The internet is a fun, educational, and interactive resource, but children should know there is an etiquette to online communication. Make sure children understand that etiquette refers to the rules that guide people to behave respectfully. 

Behaving respectfully online is known as digital etiquette. Digital etiquette helps us be as polite online as we are in person. It provides guidelines that help people communicate their thoughts clearly and respectfully. Discuss with children how, when we talk face to face, we often look and listen to understand how the other person feels. 

But when we’re online, we can’t always see or hear the other person. We might confuse someone or get confused by their responses. That’s why it’s important for everyone to share their thoughts clearly when communicating online.  

Proper spelling, grammar, and punctuation help people understand us more easily, so we should try to follow those guidelines whenever we write. Let children know that it’s O.K. if they make mistakes—we all do! It’s trying that is important. 

Other digital etiquette tips for children include reminding them never to use “all caps,” (LIKE THIS) because it means they are yelling. No one likes to be shouted at, so encourage children only to use all caps when they’re really, really excited about something. Also, children should know it’s helpful to stick to the topic when answering questions or making comments online: this helps keep everyone focused and prevents misunderstandings. 

Remind children that empathy is understanding the feelings of another person. In digital etiquette, empathy helps us think about how people might feel about what we post online. When children write something, they should imagine someone else reading it. How would it make them feel? How would they feel if someone wrote that to or about them? 

The basic guideline is to treat people online the same way we’d treat them in person. Children wouldn’t yell at someone in real life if they disagreed with them about a book or a game, so they shouldn’t do that online either. Also, let children know that it’s just as mean to share someone else’s secrets online as it is in person. The basic rule is to be kind when sharing online. 

There is also an etiquette about sharing photos and videos online. It’s fun for children to see all the stuff friends post, but when sharing a photo or video with other people in it, they should always ask beforehand if it’s O.K. to share. Even if a friend has created some cool artwork, children should get permission before posting a picture, and be sure to name their friend as the artist. 

Again, remind children about empathy: thinking about how people might feel when they see an image or video that someone else posts. If something is not kind, or not theirs to share, then children should know not to share it. 
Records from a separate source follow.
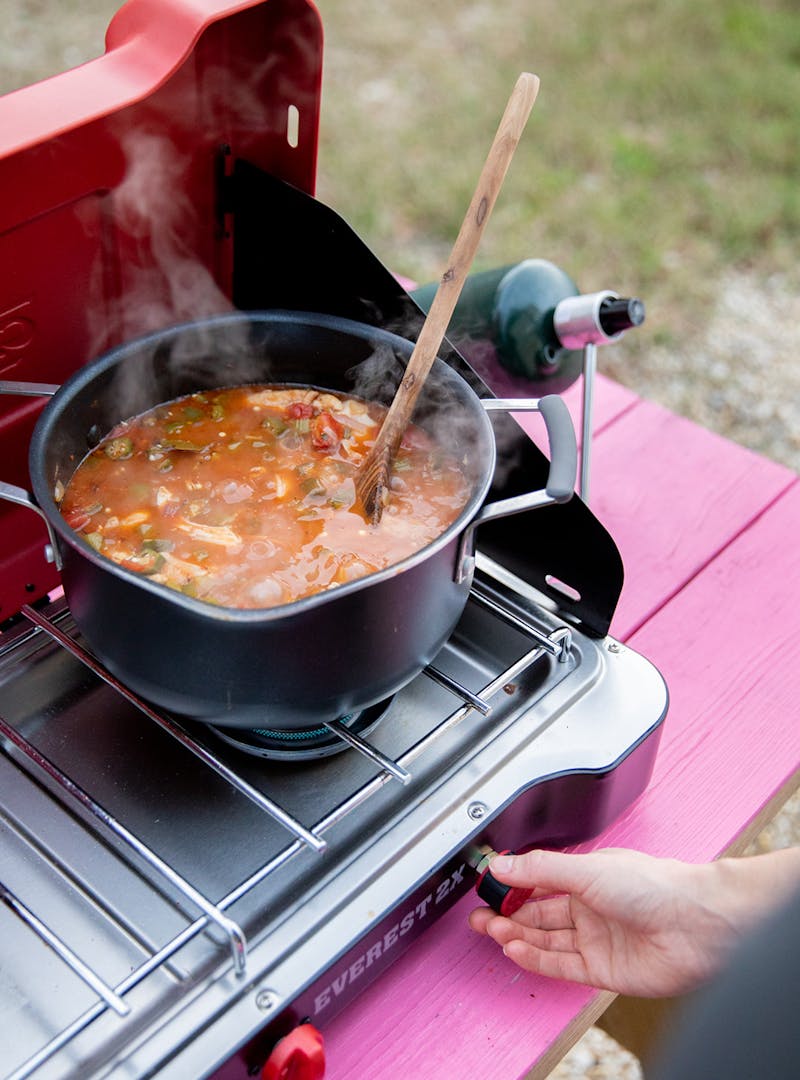 A wooden spoon resting in a pot of sauce on a camp stove.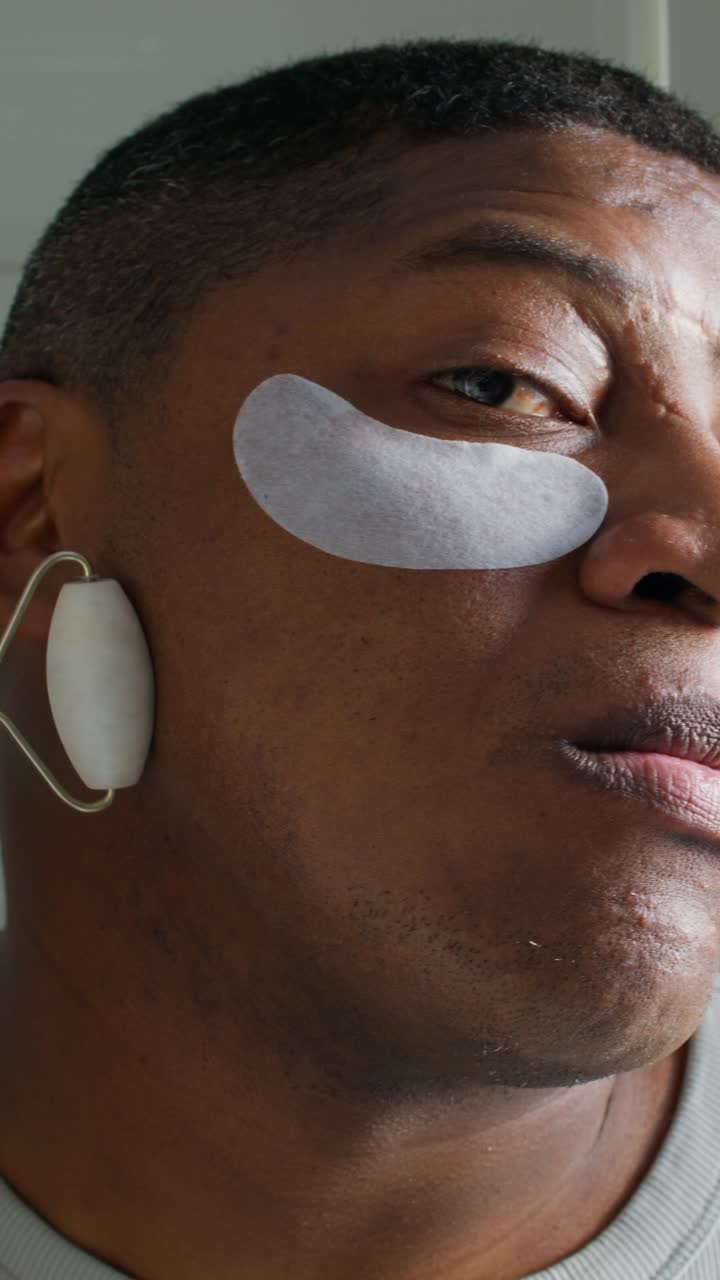 Man receiving facial treatment with jade roller and eye patches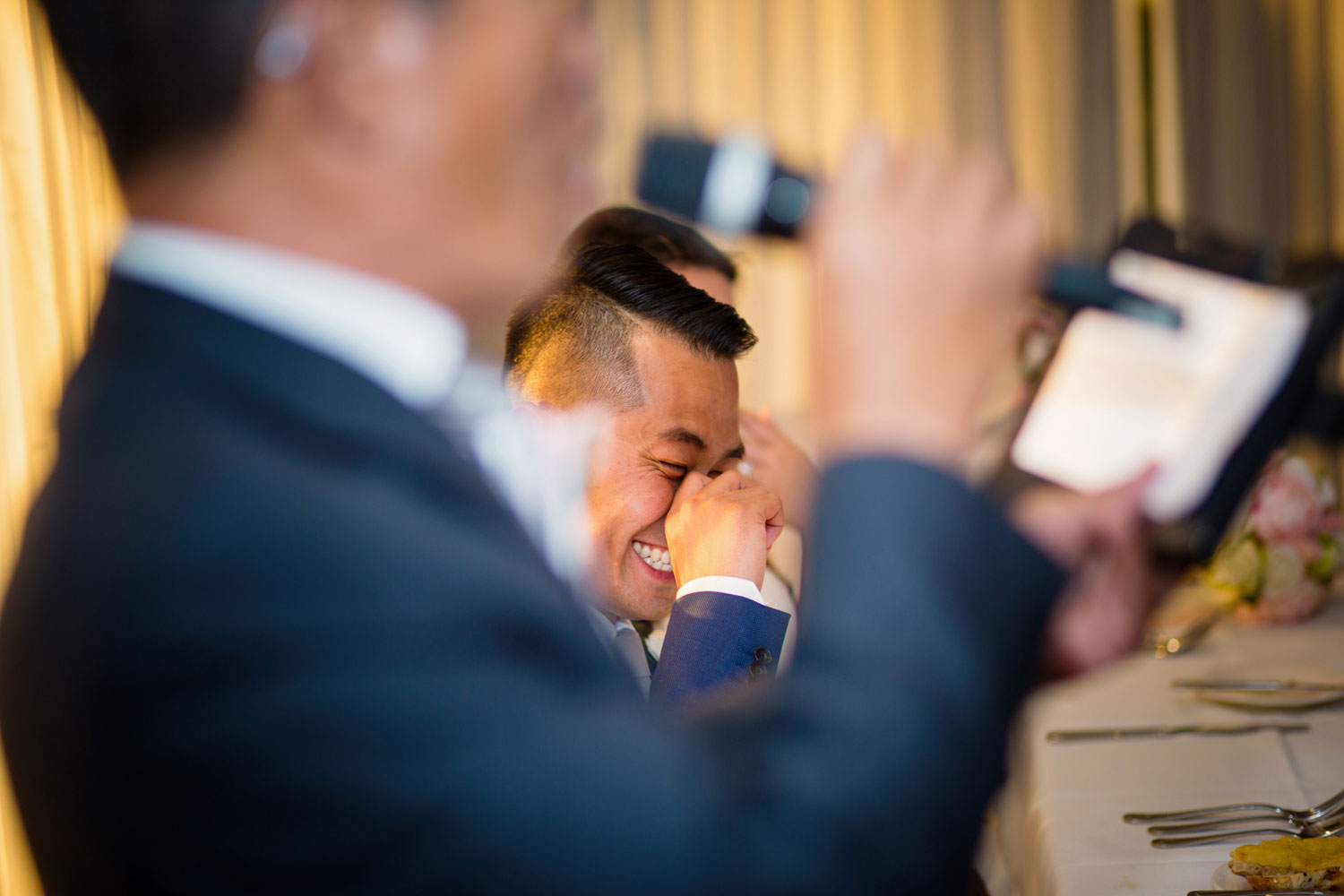 castaways waiuku wedding groom laughing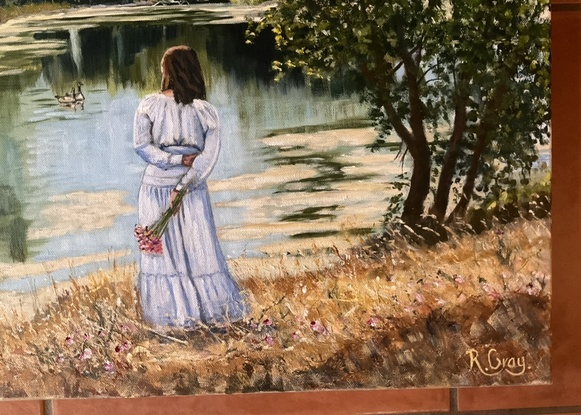 Woman in long dress standing on river bank looking at river reflections and ducks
Discuss with children how they can practice digital etiquette when learning remotely. Remind them that it’s important to find a quiet place where they can focus. And just like in real life, students should arrive on time, ready to learn, and  to come prepared with books, homework, paper and pencils, and anything else their teacher asked them to bring. 

Online learning can be a challenge, but it helps to sit up straight and pay attention, just like in regular class. And when students want to say something, they can raise their hands. Children also can show respect by keeping the camera facing them, so teachers and classmates can see and understand them.

Listening for directions is important for online learning, so remind children to pay attention! Teachers might ask them to turn cameras on or off, or  to mute themselves to make it easier for everyone to hear. Children should only use the chat box when the teacher asks them to and, just like in the classroom, they should stick to the topic when having a class discussion.

Invite children to make the connection between online behavior and behavior in real life. No one would eat in the classroom or play with pets during a lesson in school, so they shouldn’t do it at home. 

By teaching children digital etiquette, we’re creating patterns for a healthy and happy online life, and giving them the long-term tools that will keep their internet use safe and respectful.